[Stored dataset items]
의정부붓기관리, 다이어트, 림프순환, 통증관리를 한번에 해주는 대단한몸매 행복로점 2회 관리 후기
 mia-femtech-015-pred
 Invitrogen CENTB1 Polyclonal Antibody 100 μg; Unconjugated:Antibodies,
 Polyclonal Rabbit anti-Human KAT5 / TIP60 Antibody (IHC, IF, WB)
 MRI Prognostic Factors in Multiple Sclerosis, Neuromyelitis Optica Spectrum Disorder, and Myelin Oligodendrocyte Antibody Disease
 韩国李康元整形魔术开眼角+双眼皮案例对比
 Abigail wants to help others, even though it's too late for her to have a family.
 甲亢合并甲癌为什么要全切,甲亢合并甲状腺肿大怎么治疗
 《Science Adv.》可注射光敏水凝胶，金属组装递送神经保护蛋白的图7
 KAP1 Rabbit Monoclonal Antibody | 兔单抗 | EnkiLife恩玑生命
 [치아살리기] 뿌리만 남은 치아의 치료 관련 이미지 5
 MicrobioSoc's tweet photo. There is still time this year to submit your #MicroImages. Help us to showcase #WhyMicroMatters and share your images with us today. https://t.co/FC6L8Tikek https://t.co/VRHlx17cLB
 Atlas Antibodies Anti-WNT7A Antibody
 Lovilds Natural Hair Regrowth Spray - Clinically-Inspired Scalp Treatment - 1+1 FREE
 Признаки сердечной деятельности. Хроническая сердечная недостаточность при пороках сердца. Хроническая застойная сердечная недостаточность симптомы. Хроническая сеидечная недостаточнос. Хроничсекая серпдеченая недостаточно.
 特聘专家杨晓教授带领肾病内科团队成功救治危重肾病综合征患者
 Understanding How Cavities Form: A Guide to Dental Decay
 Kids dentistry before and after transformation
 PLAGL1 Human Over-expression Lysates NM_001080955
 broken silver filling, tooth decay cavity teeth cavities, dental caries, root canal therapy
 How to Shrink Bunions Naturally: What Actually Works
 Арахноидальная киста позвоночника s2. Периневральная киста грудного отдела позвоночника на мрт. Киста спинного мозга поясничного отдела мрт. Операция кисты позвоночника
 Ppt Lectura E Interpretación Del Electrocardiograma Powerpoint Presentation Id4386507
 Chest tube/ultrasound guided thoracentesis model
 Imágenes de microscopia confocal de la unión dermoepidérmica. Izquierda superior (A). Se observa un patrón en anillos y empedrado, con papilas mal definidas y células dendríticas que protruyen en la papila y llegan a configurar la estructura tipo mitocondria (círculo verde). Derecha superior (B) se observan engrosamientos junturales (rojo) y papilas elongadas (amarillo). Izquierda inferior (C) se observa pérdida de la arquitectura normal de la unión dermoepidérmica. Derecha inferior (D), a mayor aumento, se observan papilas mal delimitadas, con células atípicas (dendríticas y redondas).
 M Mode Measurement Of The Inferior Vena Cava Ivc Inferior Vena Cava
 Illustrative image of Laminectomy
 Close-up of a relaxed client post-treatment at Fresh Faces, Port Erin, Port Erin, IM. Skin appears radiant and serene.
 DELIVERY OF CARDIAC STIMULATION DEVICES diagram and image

### Work request
Look for "Ppt Lectura E" in the records. Write out its line and every later line through the end exactly, with nothing more.

### Written solution
 Ppt Lectura E Interpretación Del Electrocardiograma Powerpoint Presentation Id4386507
 Chest tube/ultrasound guided thoracentesis model
 Imágenes de microscopia confocal de la unión dermoepidérmica. Izquierda superior (A). Se observa un patrón en anillos y empedrado, con papilas mal definidas y células dendríticas que protruyen en la papila y llegan a configurar la estructura tipo mitocondria (círculo verde). Derecha superior (B) se observan engrosamientos junturales (rojo) y papilas elongadas (amarillo). Izquierda inferior (C) se observa pérdida de la arquitectura normal de la unión dermoepidérmica. Derecha inferior (D), a mayor aumento, se observan papilas mal delimitadas, con células atípicas (dendríticas y redondas).
 M Mode Measurement Of The Inferior Vena Cava Ivc Inferior Vena Cava
 Illustrative image of Laminectomy
 Close-up of a relaxed client post-treatment at Fresh Faces, Port Erin, Port Erin, IM. Skin appears radiant and serene.
 DELIVERY OF CARDIAC STIMULATION DEVICES diagram and image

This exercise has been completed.